A gold standard that does not always glitter
While the Randomised Control Trial remains a helpful tool for behavioural scientists, is it time to rethink its 'gold standard' status?
This is a story about the ‘gold standard’ of behavioural science: Randomised Control Trials (RCTs) and how we think the behavioural science industry can challenge itself to be more creative in evaluation and testing.
We illustrate this with the topic of letters. Because letters are often something that behavioural scientists are tasked to evaluate and optimise, considering ways to improve them in order to enhance response rates so that people take-up offers, respond to requests for information and so on. Different ways of designing letters can be tested: changing letter headings, the phrasing of the call to action, selecting a new font and so on. There are many possibilities for ‘interventions’ to change behaviour of course.

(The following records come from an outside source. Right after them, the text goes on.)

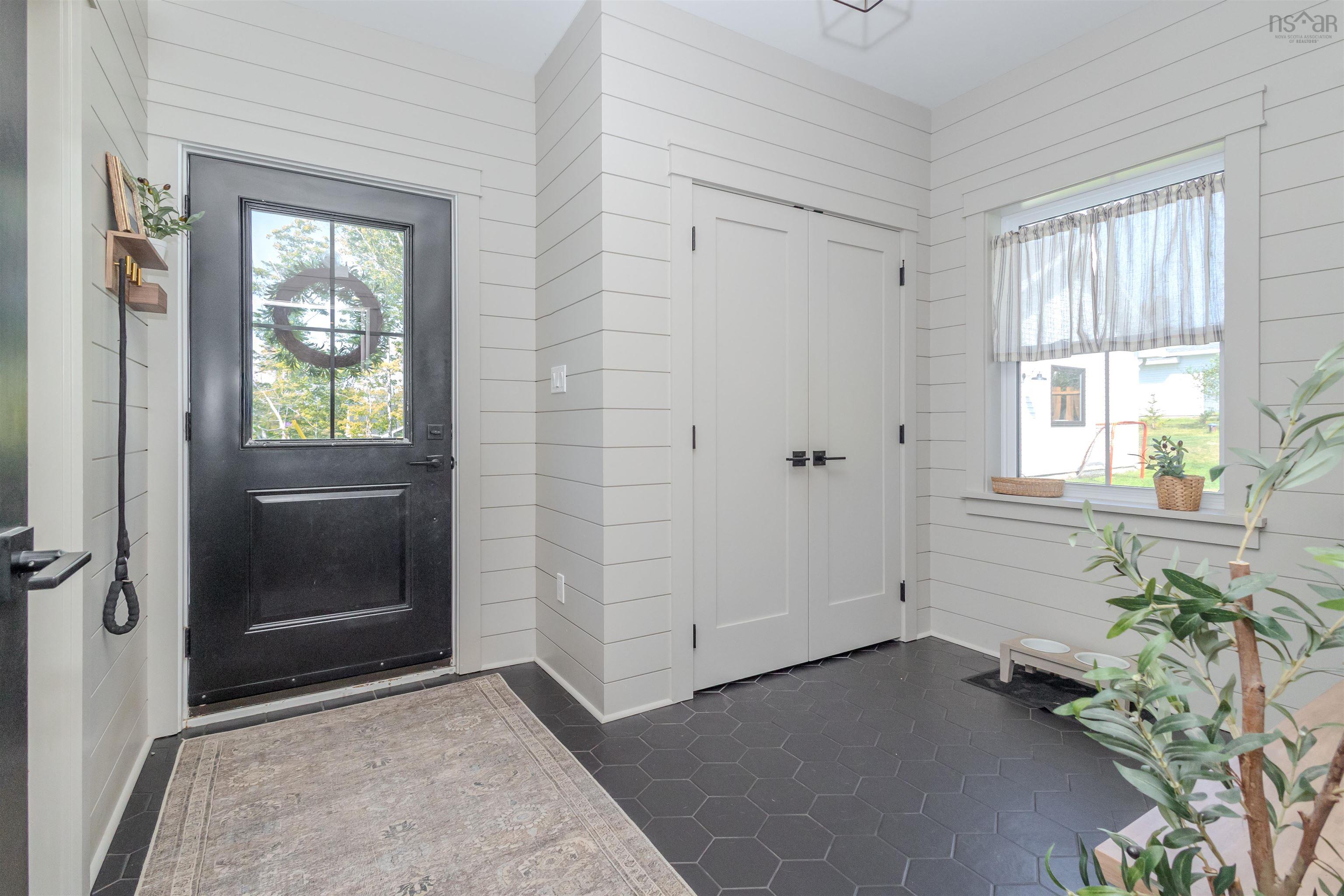 $549,900.00: 131 Marbern Street, Howie Centre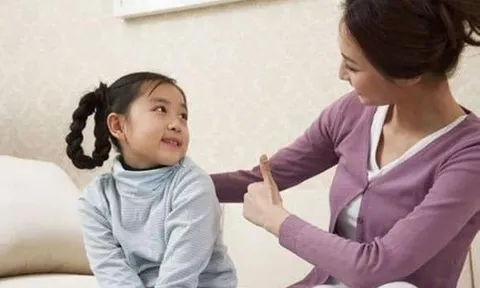 Con cái hỗn hào? Áp dụng ngay “Luật Quạ” – Bí quyết dạy con hiện đại nhưng vẫn giữ quyền uy cha mẹ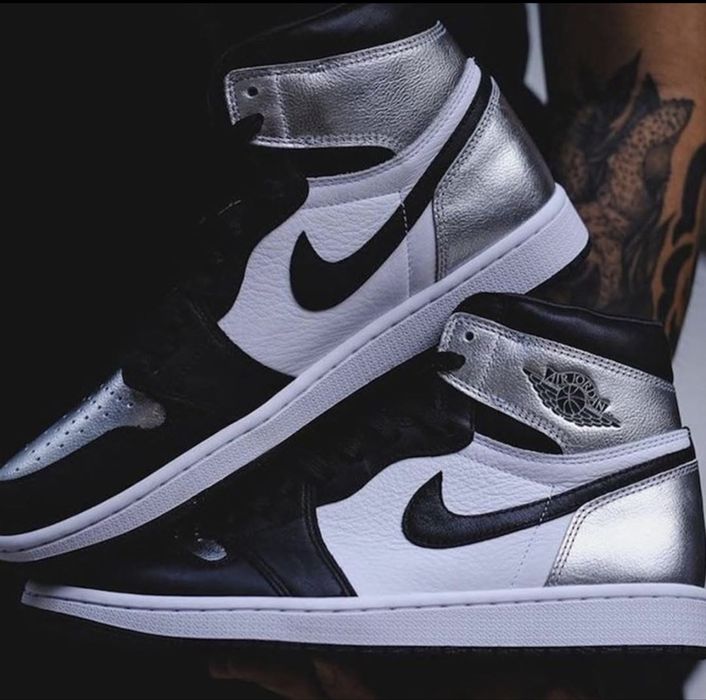 Air Jordan 1 Retro High Silver Toe Metallic Full Box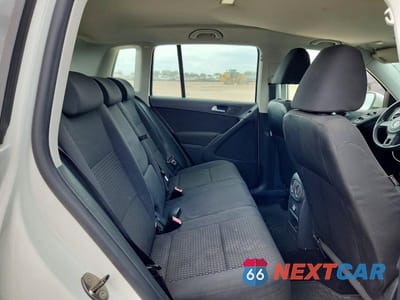 Zdjęcie 10 z 12 samochodu: 2011 VOLKSWAGEN TIGUAN S VIN:WVGBV7AX3BW510370 - miniatura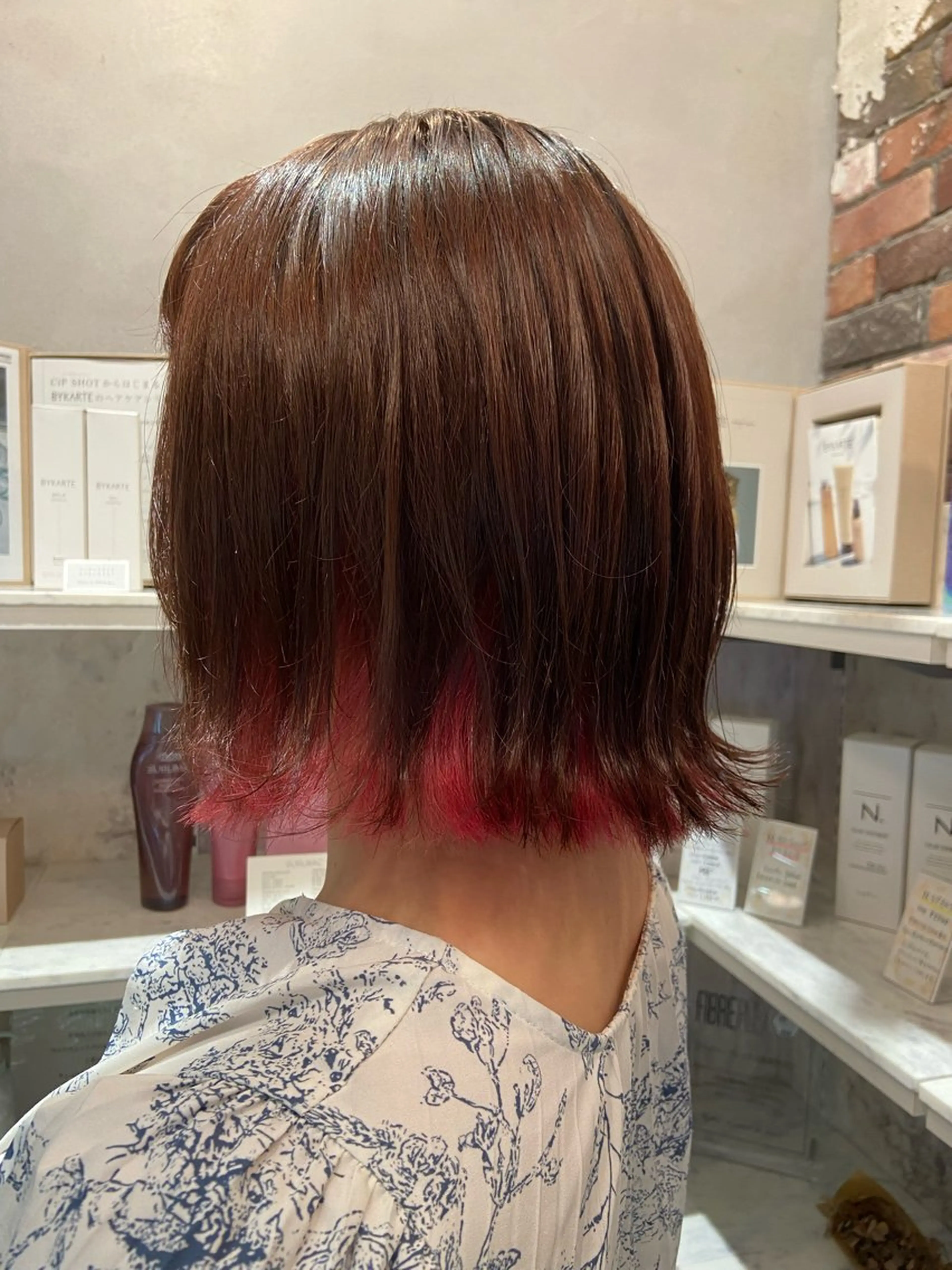 ショート カラー インナーカラー ラベンダーカラー ラベンダーピンク ピンクカラー カット ヘアカラー 髙橋紋菜🍏 イオンモール名取2階のヘアスタイル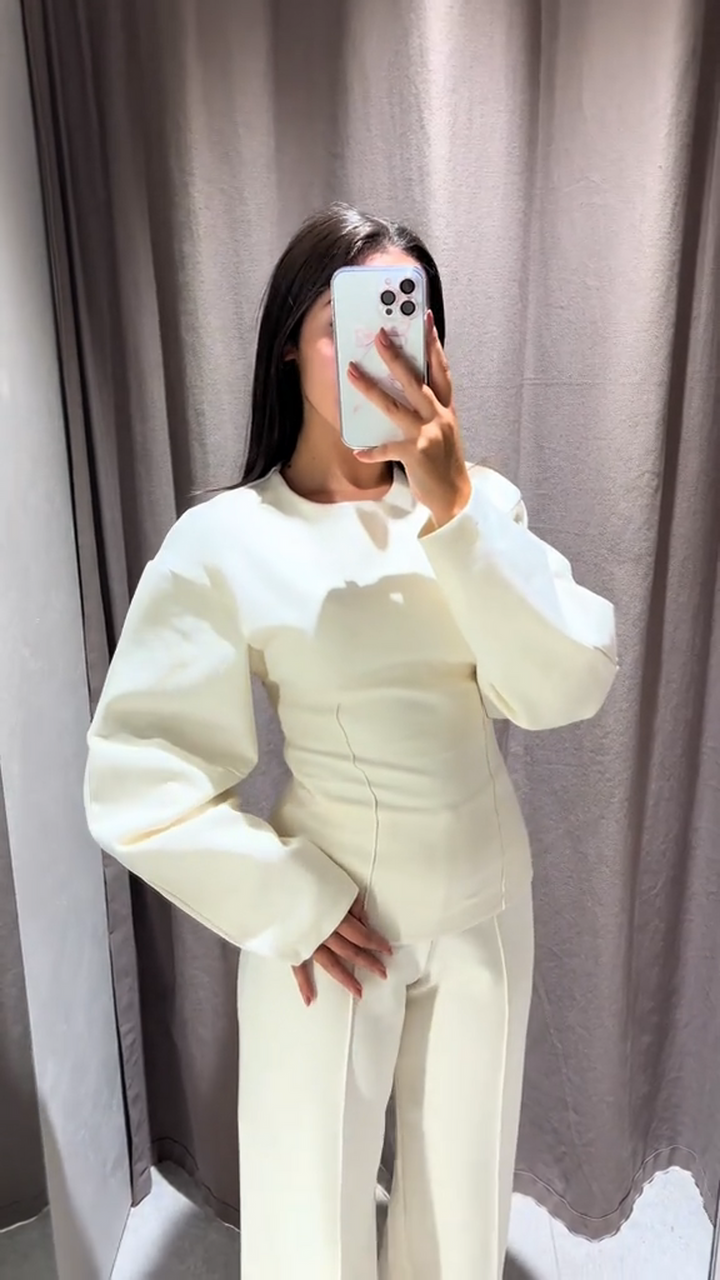 Damen Zweiteiliges Set Oversized Pullover und Weite Hose Casual Chic - Gebrochen Weiß / Grau / Schwarz - Maelen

With a range of ideas in hand, then RCTs are a frequent choice for the testing of these interventions prior to their launch, either in a controlled environment or as part of a field trial. On this basis, a means is created of trialling a number of different designs and assessing the degree to which they result in behaviour change. This may involve showing people different versions and then asking them about their propensity to respond or field trials where behaviours like making payments, returned forms, or, if a digital letter, click through rates are tracked. We can then look at the differences between the options and then make a decision of which to activate.
In this instance we certainly consider RCTs have their place but we think there is a case for considering what other testing tools we need to use, as RCTs do come their limitations. We first set out our take on these limitations and then make the case for some fresh thinking in testing and evaluation before returning to the case of letter testing.
Effect size
There is a long tradition in academic work of controlling the range of different variables in the environment so that we can focus on the one or two variables that are of interest. This reflects the way in which academia best works: incremental additions to a body of knowledge which allow us to assess and develop our theoretical understanding of an issue. In this context, the point of an experimental design is what it tells us about the underlying theory and causal relationships.
Practitioners, however, have a different focus and a fundamentally different orientation to both theory and the variables being worked with. Sometimes the practitioner will, of course, be interested in theoretical advancement as it can be used to inform the design of interventions. But typically the practitioner is most interested in the degree of impact on outcomes that the proposed intervention will have.
And with this, the purpose of the testing is therefore different for the practitioner. First, while statistically significant differences on a very small movement may be interesting to the academic as it offers an advancement to the body of knowledge, the practitioner is required to question if the intervention is actually worth implementing. There are costs involved with any intervention activation which may mean that they are not worth the investment if the movement is small, even if there is statistical significant movement. This means we are interested in the degree to which the intervention changes the outcome – in other words the effect size.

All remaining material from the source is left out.